# Some more of Princess Peach in her new dress



## tricializ (Jun 1, 2010)

I made a little dress for her tonight and she doesn't love it, but is sleeping in it right now on my lap. So I don't think she minds too much. Thanks for looking.


----------



## chi's R me (Jun 30, 2009)

Oh, that's really cute, I love it.


----------



## Reese and Miley (Jun 24, 2010)

Im so jealous, she is adorable.


----------



## chideb (Jan 29, 2008)

She is such a beautiful little girl... I love her color! The dress is so pretty and the orange color looks so great with her coat.. Good job, mom!


----------



## foggy (Oct 12, 2009)

Oh my goodness, she is just the cutest thing!
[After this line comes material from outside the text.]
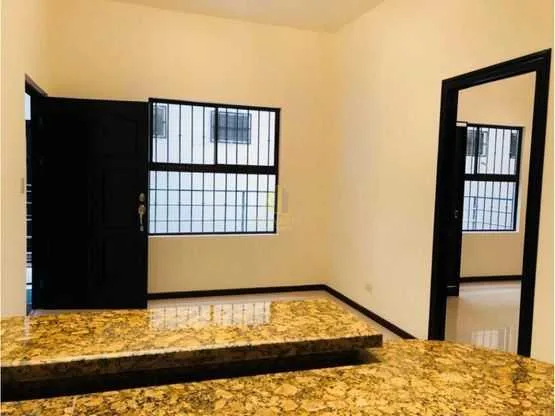 En venta apartamento en Condominio Veredas de Rohrmoser, San José - foto 2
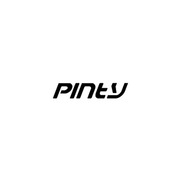 Pinty Scopes Coupons & Promo Codes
I love the dress, love the orange! You're so talented!


----------



## Guess (Sep 23, 2009)

I agree with Katy!! SO jealous!! She just melts my heart!! You are amazing with the sewing machine!!! Makes me wish I took those classes back in high school!


----------



## cprcheetah (May 4, 2009)

Such a pretty dress on such an adorable girl. Great job on the dress.


----------



## Tanna (Jan 29, 2009)

She is just a doll. She makes my heart melt. Beautiful dress you did a great job and i love the color.


----------



## tricializ (Jun 1, 2010)

Thanks everybody. I am getting lots of flack from my extended family for dressing her. I don't see the problem. LOL
Thanks for looking.


----------



## JRZL (Jul 10, 2009)

Omg she is adorable!!!
Great job on the dress! It looks great!


----------



## LDMomma (Mar 28, 2009)

I wish I was talented. I LOVE that dress!


----------



## edel (Sep 6, 2009)

awwww she is so beautiful in her lil dress .. i love it , and love the colour


----------



## lyndsey (Aug 10, 2010)

she is beautiful and so cute in the lil dress


----------



## Biscuit (Jul 30, 2010)

she is too cute for words.. well done on the dress she looks like a little flower girl... xx


----------



## Bellatrix (Apr 23, 2010)

she is soo perfect in that dress, aww


----------



## Amanda Kennedy (Nov 5, 2008)

thats really pretty on her, good job


----------



## xSamanthax (Jun 3, 2010)

Im so jealous, she is adorable! i love the dress, too cute


----------



## [email protected] (Aug 10, 2010)

The third picture is perfect!!! She is such a doll. That's amazing that you made her dress; it's super cute!!!


----------



## MndaNGmoe (Oct 20, 2009)

she is too cute for words! love the dress


----------



## Chiboymom (Jul 8, 2009)

I am JEALOUS...she is so adorable in her little dress, if I had a girl I would put dresses on her to. Love all the pictures.


----------



## LucyChi (Aug 11, 2010)

She is so tiny and cute. Orange is really a great color on her.


----------



## MakNLFi (Jun 8, 2010)

OMG she is so darn cute! You did a wonderful job on the dress too - I wish I could sew like that!


----------



## TripleAChihuahuas (Apr 8, 2010)

They are both beautiful dress and pup


----------



## Tracilea (Jul 27, 2009)

OH MY!! She is absolutely adorable!


----------